= John W. Bryant =

Mormon fundamentalist leader

John W. Bryant (born 1946) is an American Mormon fundamentalist. He was the founder and first leader of a sect that is today known as the Church of the New Covenant in Christ now headquartered near Salem, Oregon.

==Conversion to Mormonism==
In 1964, Bryant was baptized into the Church of Jesus Christ of Latter-day Saints (LDS Church). As a member of the LDS Church, he served as a missionary in Japan. In the early 1970s, Bryant became convinced that the LDS Church had unjustifiably abandoned plural marriage and joined the Apostolic United Brethren (AUB) in Utah, led by Rulon C. Allred.
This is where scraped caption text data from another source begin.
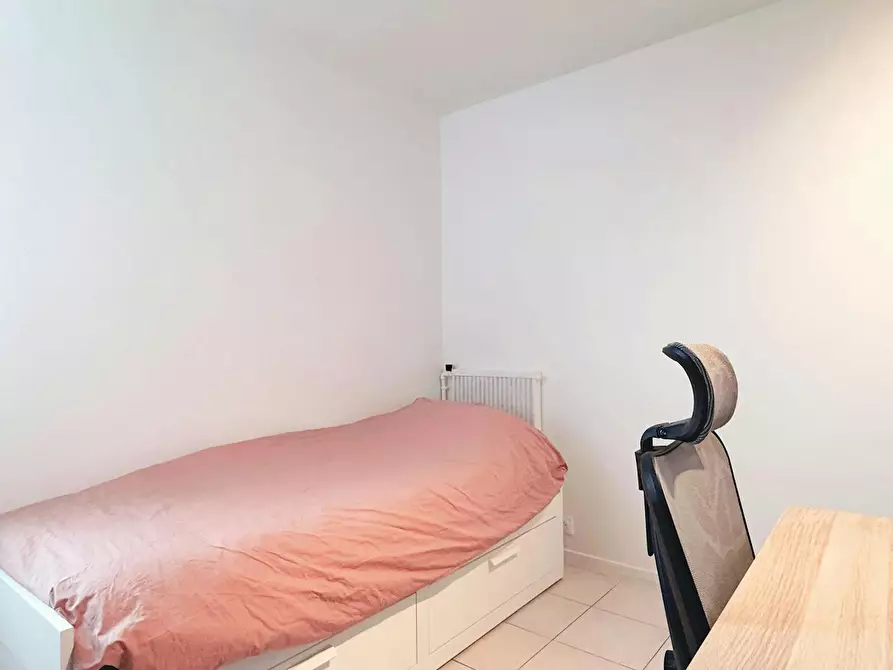 Immagine 1 di Camera in affitto  in Rue d'Alexandrie a Angoulême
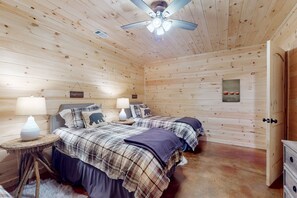 3 bedrooms, iron/ironing board, internet, bed sheets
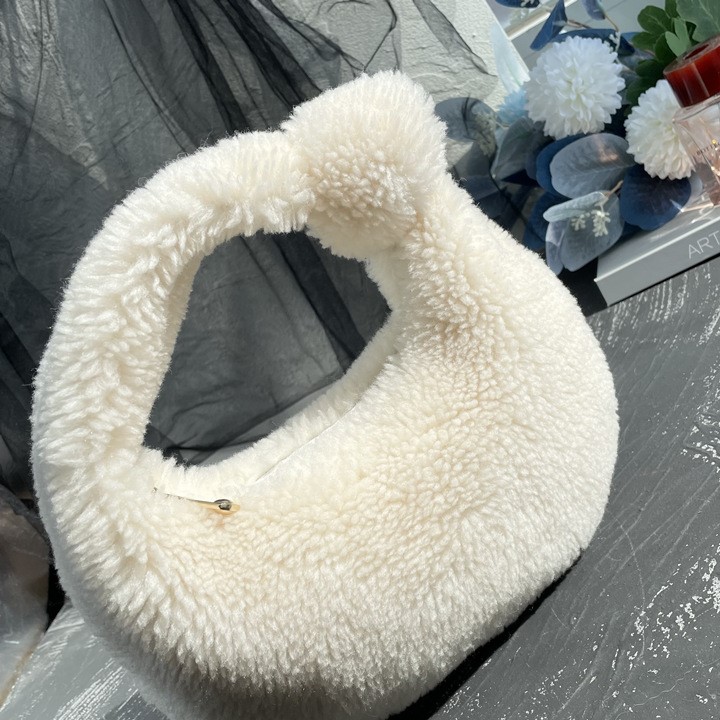 2024 New Women Hand Bag Fashion Casual Shoulder Bags Autumn Winter Plush Bags Woman Lady Crossbody Bags Ladies Soft Outdoor Totes Valentines Day Gift 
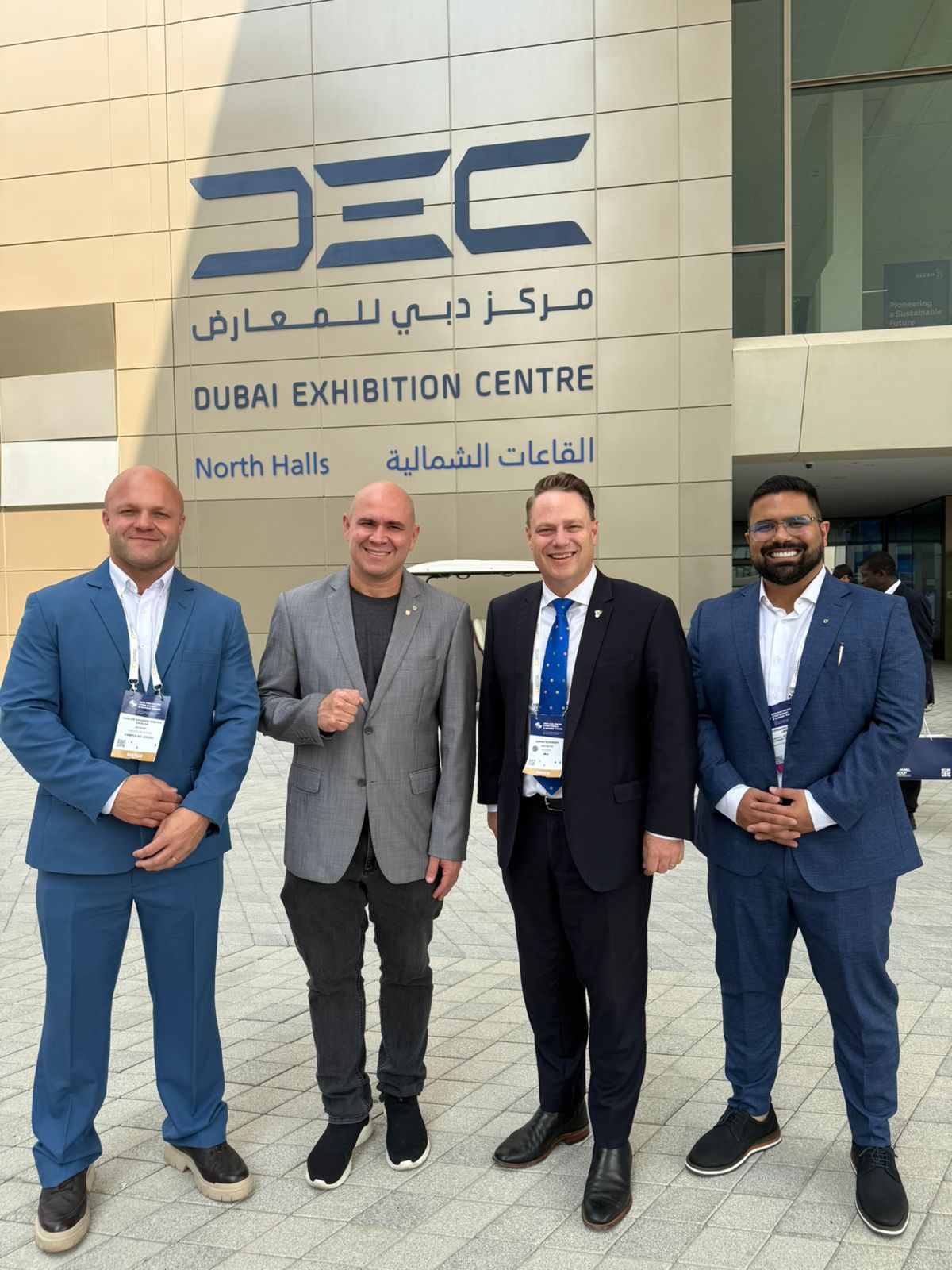 Prefeito fortalece laços com empresários dos Emirados Árabes em visita a Dubai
==Leader of polygamous sect==
Beginning in 1974, Bryant began to state that he was receiving revelations from Jesus. He claimed that "John the Beloved" had visited him as an angel and instructed him to form an "Order of the Ancients". In 1975, Bryant claimed he was taken in vision to the City of Enoch, where AUB founder Joseph White Musser and Latter Day Saint movement founder Joseph Smith ordained him to the presidency of the church and the high priesthood. At this time, Bryant claimed to be the "One Mighty and Strong" prophesied of in the Doctrine and Covenants. In 1975, he founded a church as the Church of Christ Patriarchal, which later was renamed the Evangelical Church of Christ. In 1979, Bryant's group established a communal settlement at the Fair Haven Ranch near Las Vegas, Nevada. During his time as a leader of the group, Bryant had six wives and taught his sect about drug experimentation and heterosexual and homosexual group sex. According to sources, sect members had sexual relations during the group's temple ceremonies. In 1981, the group lost the Fair Haven Ranch when they were unable to keep up on mortgage payments. As a result, Bryant, five of his six wives, and some of the members of the group relocated to Marion County, Oregon, near Salem.

==Reorganization of church==
By the mid-1980s, over 100 members of Bryant's church had moved into the Salem area. When the church attempted to convert a barn on the farm to a church building, it was blocked by neighborhood protests. Ultimately, Bryant left the Evangelical Church of Christ due to internal and external difficulties and it soon disintegrated. However, in 1985, Bryant reorganized the church into the Church of the New Covenant in Christ, with a membership of approximately 120 families.

==Teachings==
As head of the Church of the New Covenant in Christ, Bryant has highlighted what he views as a challenge to Mormon fundamentalism: Bryant argues that Mormon fundamentalists have neglected Jesus in favor of a focus on polygamy and male patriarchy. Bryant's own experience of being "born again" after his move to Salem prompted him to change the name of his church from the "Evangelical Church of Christ" to the "Church of the New Covenant in Christ". Bryant abandoned teaching plural marriage, vowed to take no more wives, and reoriented his family life away from its previous patriarchal structure. However, Bryant remained married to his wives in an attempt to prevent the break-up of his family.